Orthographic knowledge is a crucial component of literacy [
1,
2]. Broadly defined, it is knowledge of and the ability to learn, store, and use information about the written forms of words and the conventions of writing and spelling [
3,
4]. Spelling skills are thus one important dimension of orthographic knowledge. Spelling also has strong ties to other literacy skills, including word recognition, phonological awareness, and both text comprehension and composition [
5,
6,
7]. Spelling and its development have been widely studied in children, especially in a first language (L1) context, and the effectiveness of various instructional interventions for improving spelling (many of them based on phonological skills) has also been demonstrated [
8,
9,
10]. However, comparatively little work has examined spelling in second language (L2) adult learners, particularly the effectiveness of instructional interventions for improving spelling knowledge. Therefore, the goal of the present research was to examine spelling knowledge in adult learners of English as a second language (ESL) and to demonstrate the effectiveness of a phonics-based instructional intervention for improving their English spelling knowledge.
1. Spelling Development
Orthographic knowledge is crucial for literacy development. During the early stages of literacy acquisition, children commonly use their knowledge of phonological forms, such as rhymes or shared first sounds, to learn about the structure of words [
11]. Words with phonological overlap also often share parts of their spellings, thus providing a way for children to learn about whole spelling patterns rather than memorizing spellings letter by letter [
12]. This familiarity can then be used as the basis for making analogies, helping children read or spell unfamiliar words that contain familiar spelling patterns [
13,
14].
Familiarity with the orthographic forms of words is also critical for the development of rapid, automatic word recognition, and thus reading fluency. Though phonological information is initially used for decoding words, increased exposure to print develops readers’ familiarity with orthographic sequences, facilitating their ability to rapidly extract lexical information from print [
15,
16,
17]. This is a reciprocal process: as readers develop more automatic text processing, they begin to rely relatively more on orthographic information than grapheme-by-grapheme phonological decoding [
18,
19], ultimately linking together the sounds, spellings, and meanings of words in a process termed orthographic mapping [
17]. This ability to recognize words as units, based on whole orthographic forms rather than by decoding a series of individual letters, is necessary for fluent reading because it frees up cognitive resources for higher-level text processing and comprehension [
2,
20,
21,
22].
Overall, greater orthographic knowledge is associated with better decoding skills, more accurate word reading, and greater reading comprehension [
23,
24,
25], and it is important for supporting literacy cross-linguistically [
26]. However, there is evidence that orthographic knowledge may be even more important for readers of non-alphabetic languages, such as Chinese, in which phonological information cannot be directly recovered from the written form, as well as readers of deeper alphabetic orthographies, such as English [
27,
28,
29]. Thus, a thorough understanding of orthographic knowledge, its development, and how it can best be supported, is crucial for supporting literacy development.
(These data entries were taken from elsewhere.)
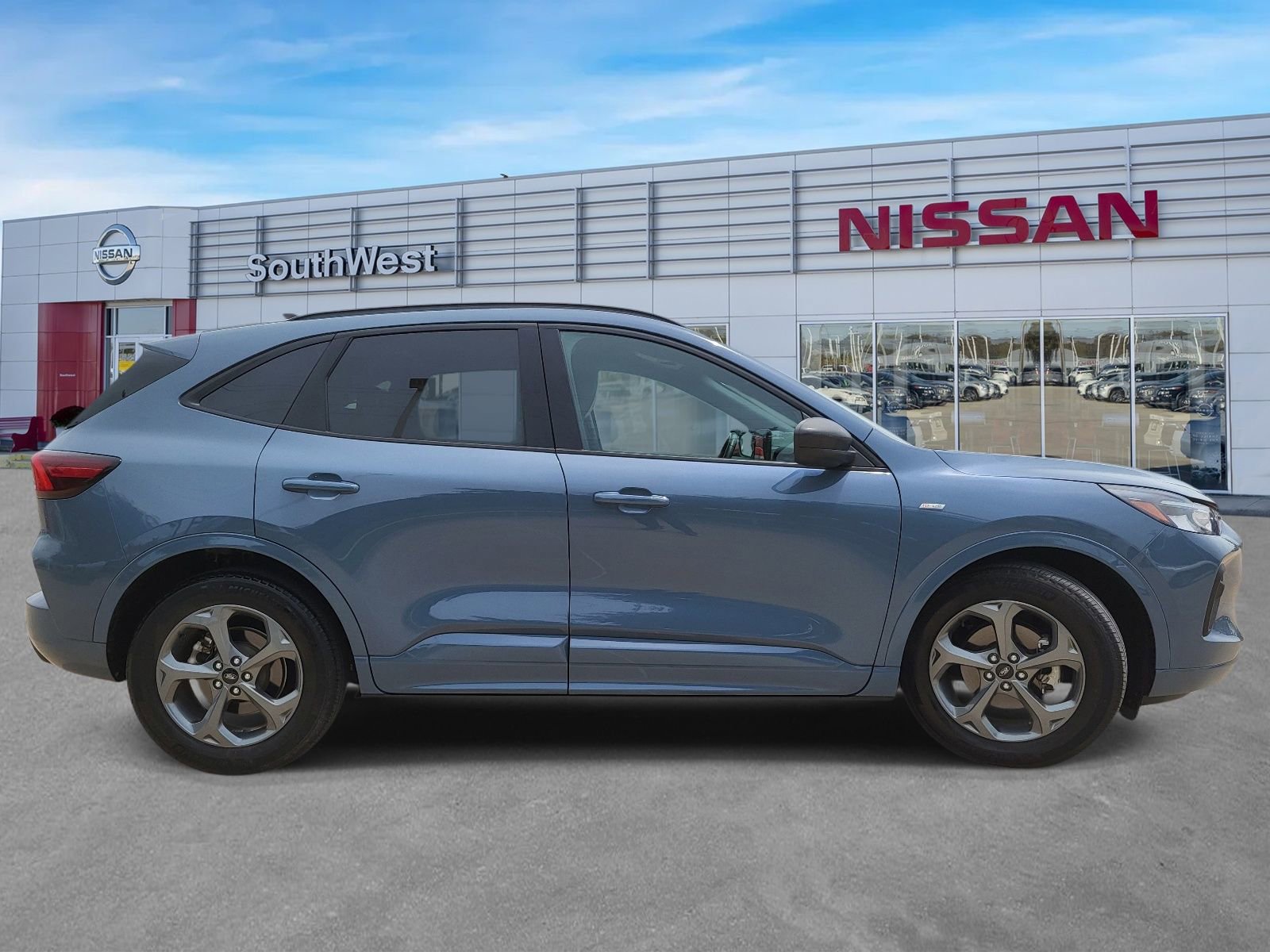 Used 2023 Ford Escape ST-Line w/ Tech Pack #1 FWD image 5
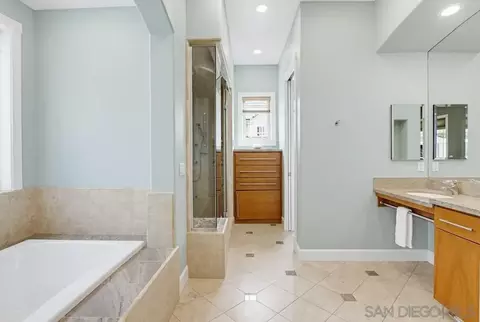 Bath - 13620 Holly Oak Way, Poway, CA 92064 photo 2 of 13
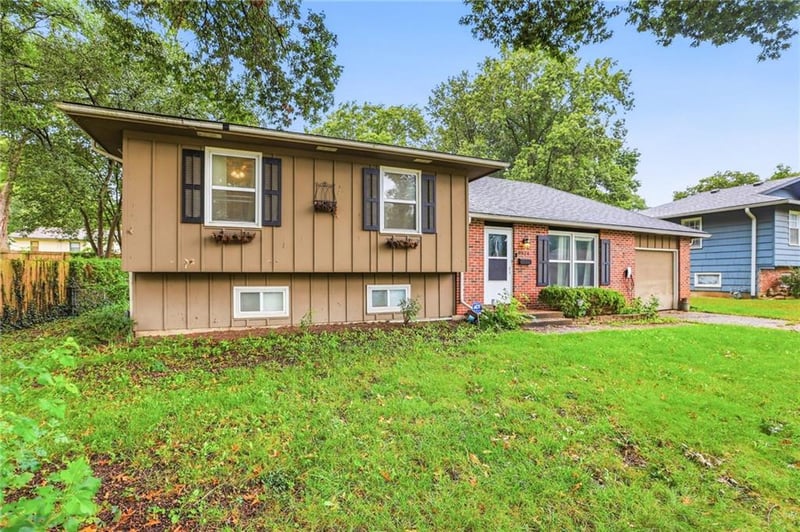 9924 Flora Ave, Kansas City, MO 64131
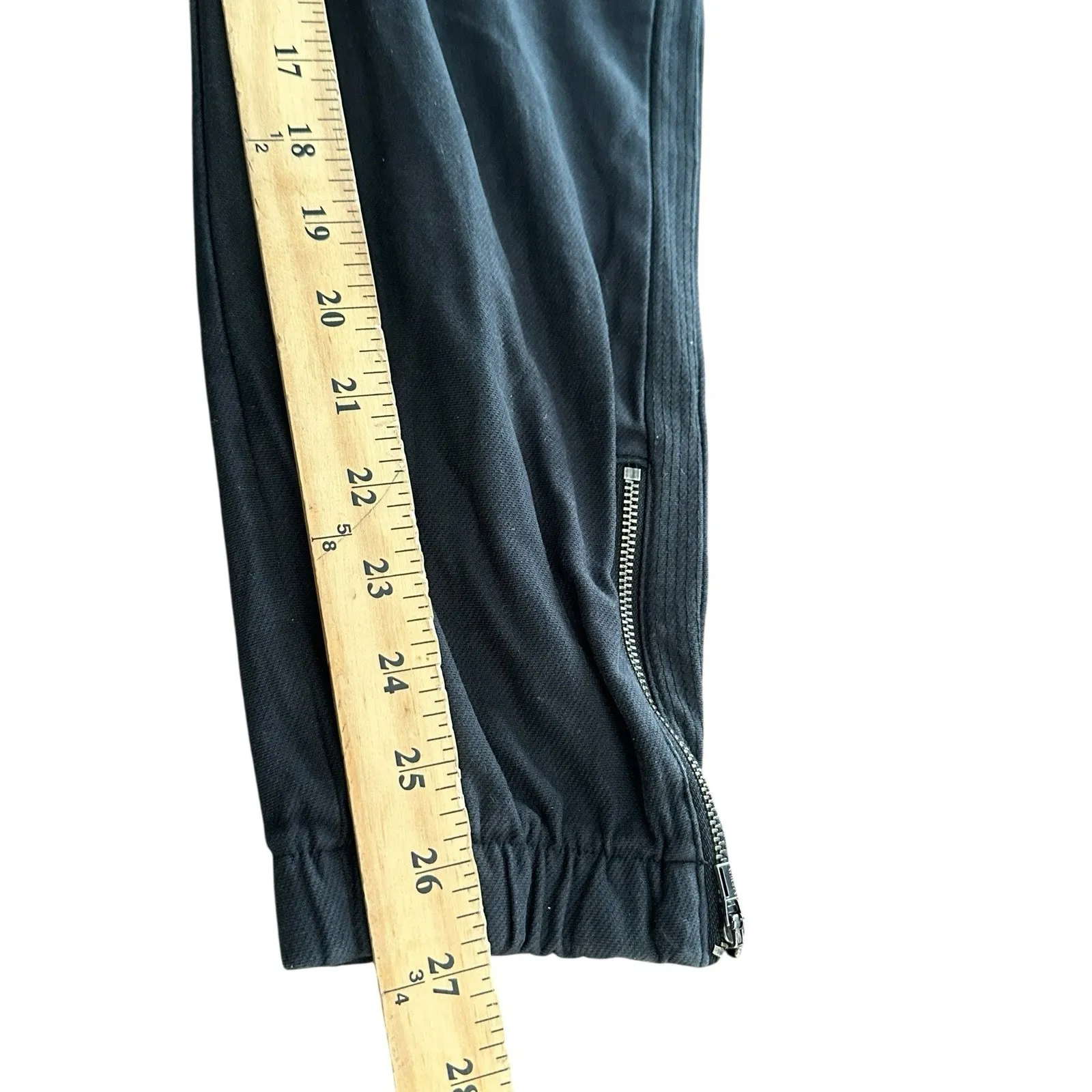 Athleta Farallon Jogger Pants Size 12 Sweats Loose‎ Taper Black Women's #W8-1 - Image 5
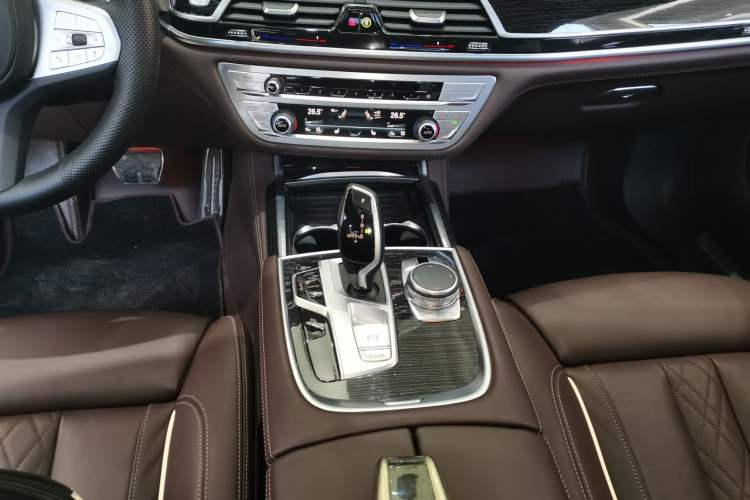Used BMW 7 Series 2021 730Li M Sport Package Gear Lever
It is important to recognize that the term ‘orthographic knowledge’ can be used to refer to a broad range of skills and types of knowledge, which can be grouped into sub-lexical and lexical orthographic knowledge [
4,
30,
31]. At the lexical level, it is often used to refer to spelling ability, and it is this aspect of orthographic knowledge that is the focus of the current research. This spelling knowledge is crucial for general literacy acquisition because of its role in automatizing word recognition and serving as the basis for making analogies among different word forms. However, the value of spelling knowledge goes beyond this, as spelling ability also plays a critical role in social perceptions, with poor spelling often associated with poor education, carelessness, or even lower intelligence [
32,
33,
34]. Even in an age of increasing acceptance of multiple language varieties, correct spelling is still critical and cannot be fully compensated for by tools such as spellcheck [
35,
36,
37]. Spelling knowledge also directly translates to more applied skills, such as the ability to proofread one’s writing and recognize orthographic errors [
38,
39].
Much of the research on spelling has focused on either documenting the development of spelling ability in children gaining L1 literacy or assessing the effectiveness of instructional techniques for improving L1 spelling (and other literacy skills). For example, studies have consistently found that phonics-based instruction is effective for improving spelling skills as well as reading ability, and that these effects can persist for years [
8,
40,
41,
42]. However, the vast majority of this research has focused specifically on children learning to spell in their L1, most commonly English. Compared to this extensive body of L1 spelling research, there is much less work on spelling development in an L2, in either children or adults [
43,
44]. Here, too, most of the research has concentrated on learners of English, although most studies comprise qualitative error documentation rather than examining the impact of instruction or L1 background on spelling ability. For example, Figueredo [
43] provides a review of ESL spelling studies and reports that, of studies identified for the review, 59% (16 of 27) focused primarily on providing “descriptive analyses of ESL learners’ English spelling errors” (p. 874) from a single L1 group, and only 11% (3 of 27) compared the spelling performance of learners from different L1 groups, making the generalizability of such findings unclear.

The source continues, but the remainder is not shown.